Bursaspor’da bu dönemde en çok tartışılan konulardan biri tabii ki transfer…
Bir kesim, ‘Tahta açılsa bile transfer yapmayalım. Kulübün durumu ortada, genç oyunculara şans verelim’ derken, bir kesim de ‘Hedefe ulaşmak için kadro yetersiz, tahtayı açtırıp transfer şart’ şeklinde görüş belirtiyor.
Ben de transfer yapılmasının elzem olduğunu düşünenlerdenim.
Tamam kaleci Ataberk Dadakdeniz, bu işi kaldırabileceğini gösteriyor. Tamam Ali Akman bu ligde çok gol atabileceğinin sinyallerini veriyor. Tamam Burak Kapacak ‘kafası rahatladığında’ takıma önemli katkılar verebilecek düzeyde.
Fakat tüm bunlar bazı gerçekleri görmezden gelmemizi de gerektirmiyor.
Bir kere Bursaspor’un kadrosu özellikle bazı mevkilerde sayısal olarak bile yetersiz.

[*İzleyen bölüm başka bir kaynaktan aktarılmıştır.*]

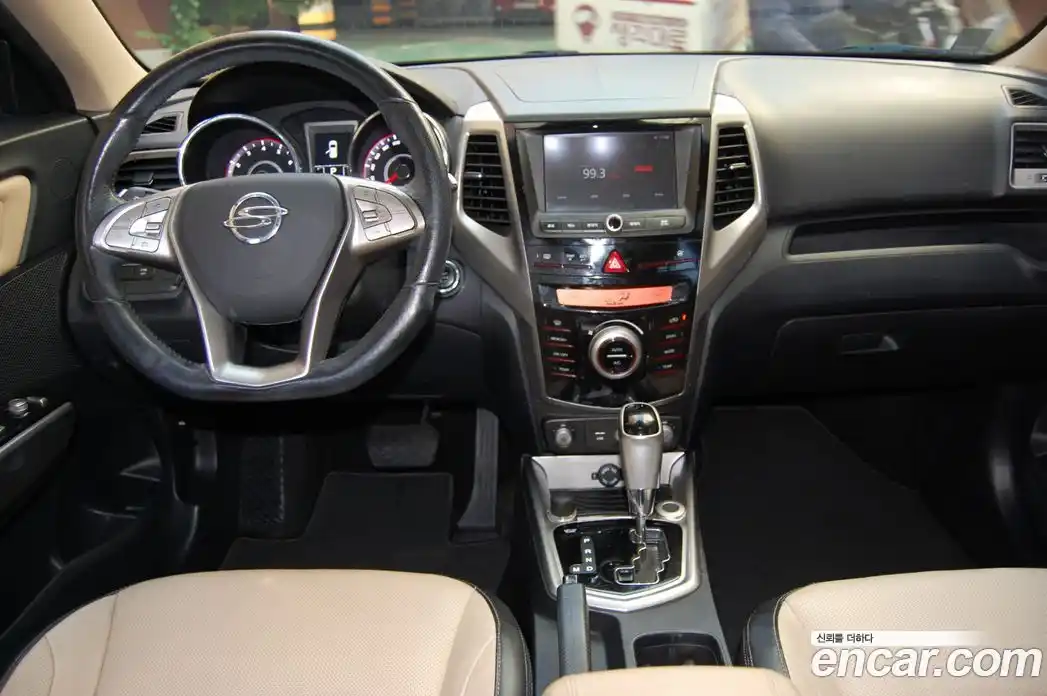 SsangYong TIBOLI 2015 1.6 Автомат в Москве № 25671, фото 7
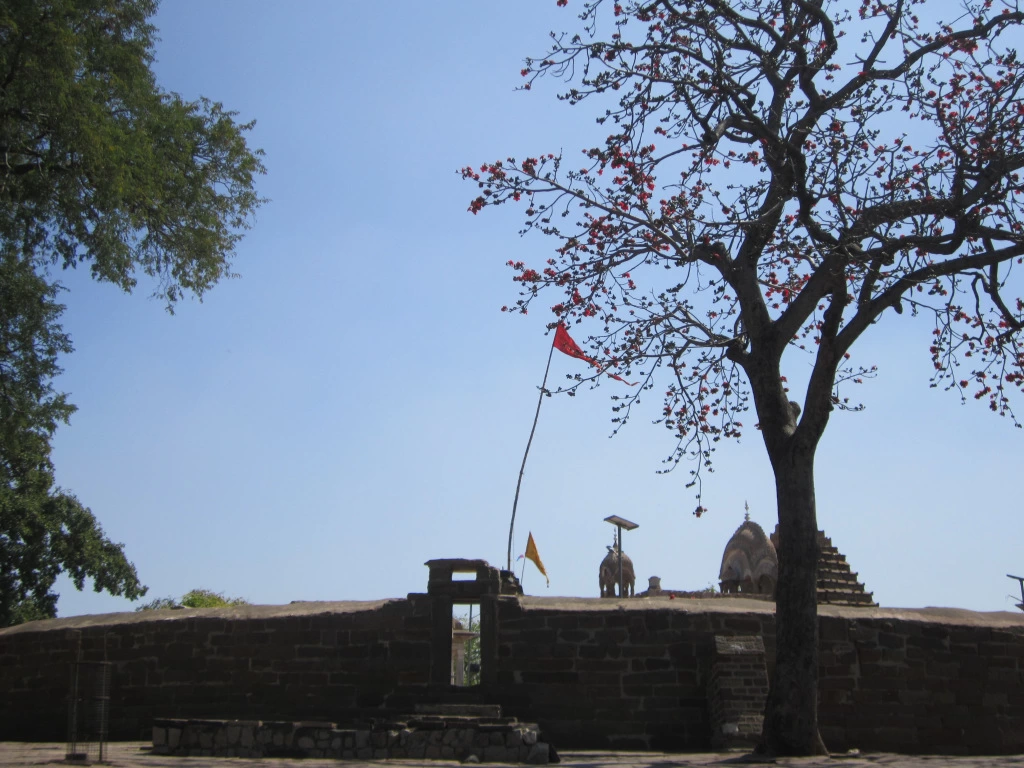 Photo of A walk through Chaus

Bakınız Mustafa Hoca iki haftadır stoperde Cüneyt Köz’ün yanında orta saha orijinli Aykut Akgün’ü oynatıyor… Neden? Çünkü elinde stoper yok. Var olanlar da daha o seviyede değil. Bu ikilinin yeterliliği de Giresunspor maçında kornerden gelen iki gol sonrası tartışmaya açık.
Ya sol bek… İki maç mecburiyetten Emirhan’ı o bölgede oynatan Mustafa Er, Giresun önünde elindeki tek sol bek Onur Atasayar’ı sahaya sürdüğüne pişman oldu. Sağ bekte de tüm yük İsmail Çokçalış’ın omuzlarında.
Kanatlarda desen Burak Kapacak haricinde bu ligi kaldırabilecek, gerçek bölgesi sağ veya sol açık olan bir tek Serdar Özkan var…
O da bugün var, belli ki yarın yok.
Hoca Burak’ın karşısına bir Özer Hurmacı’yı koyuyor, bir Recep Aydın’ı ama onlardan da ses seda yok.
Şimdilik 18 yaşındaki, daha toyluk döneminde olan Ali Akman’ın yükünü çektiği gol bölgesinde de durum çok iç açıcı değil. Daha toy dediğimiz Ali Akman’ın alternatifleri, en azından maç tecrübesi olarak ondan da toy olan 17-18 yaşında gençler.
Toy dediysek bu çocukları hakir gördüğümüzden değil.
Tamam hepsi pırıl pırıl. Alt yaş milli takımlarında bir çok kez forma giymiş bu gençlerden bir çoğu gelecekte Süper Lig düzeyine, hatta Avrupa seviyesine çıkabilecek yetenekte.
Ama gelecekte.
Omuzlarına şimdiden kaldırabileceklerinin üzerinde yük yüklersek, daha parlamadan kaybolup giderler.
İşte tam da bu yüzden transfer elzem.
Bursaspor’un bu gençlerin önü kapatacak değil, onlara örnek olacak, bir şeyler öğretebilecek, omuzlarındaki yükü azaltacak ve tabii ki takımı da sırtlayabilecek transferlere ihtiyacı var.
Hatırlayın Emre Belözoğlu’nun Galatasaray’da parlamaya başladığı dönemi. Bir yanında Hagi vardı, bir yanında Suat Kaya, Okan Buruk ve daha bir çok kaliteli ayak.
Hatırlayın Volkan Şen’in, Sercan Yıldırım’ın isimlerini duyurmaya başladıkları, Ozan İpek’in ‘kuş avcısı’ olduğu dönemde birlikte oynadıkları futbolcuları. Batalla, Ergic, Ömer Erdoğan, Zapatocny ve daha niceleri…
Böyle isimlerle oynamak, onlarla rekabet etmek genç futbolcular için şanstır… Bu tür isimler, gençlerin yeteneklerini sergileyebilmelerini sağlarlar.
Çünkü hata yapsalar bile sırtlarını dayayabilecekleri abileri vardır sahada. Güven vardır.
Ama daha şimdiden bir kaç gol atan Ali’yi yıldızlaştırırsan, güzel kurtarışlar yapan Ataberk’i kahraman ilan edersen onlara fayda değil zarar verirsin.
Beklentiler artarsa en ufak hatada homurtular yükselir… Sonra da ya ismini bile hatırlayamadığımız bir çok genç gibi kaybolup giderler, ya da şanslarını denemek için başka takımlara çekip giderler…
İşte tam da bu yüzden, gençleri rahatlatmak ve hedefe ulaşmak için transfer şart.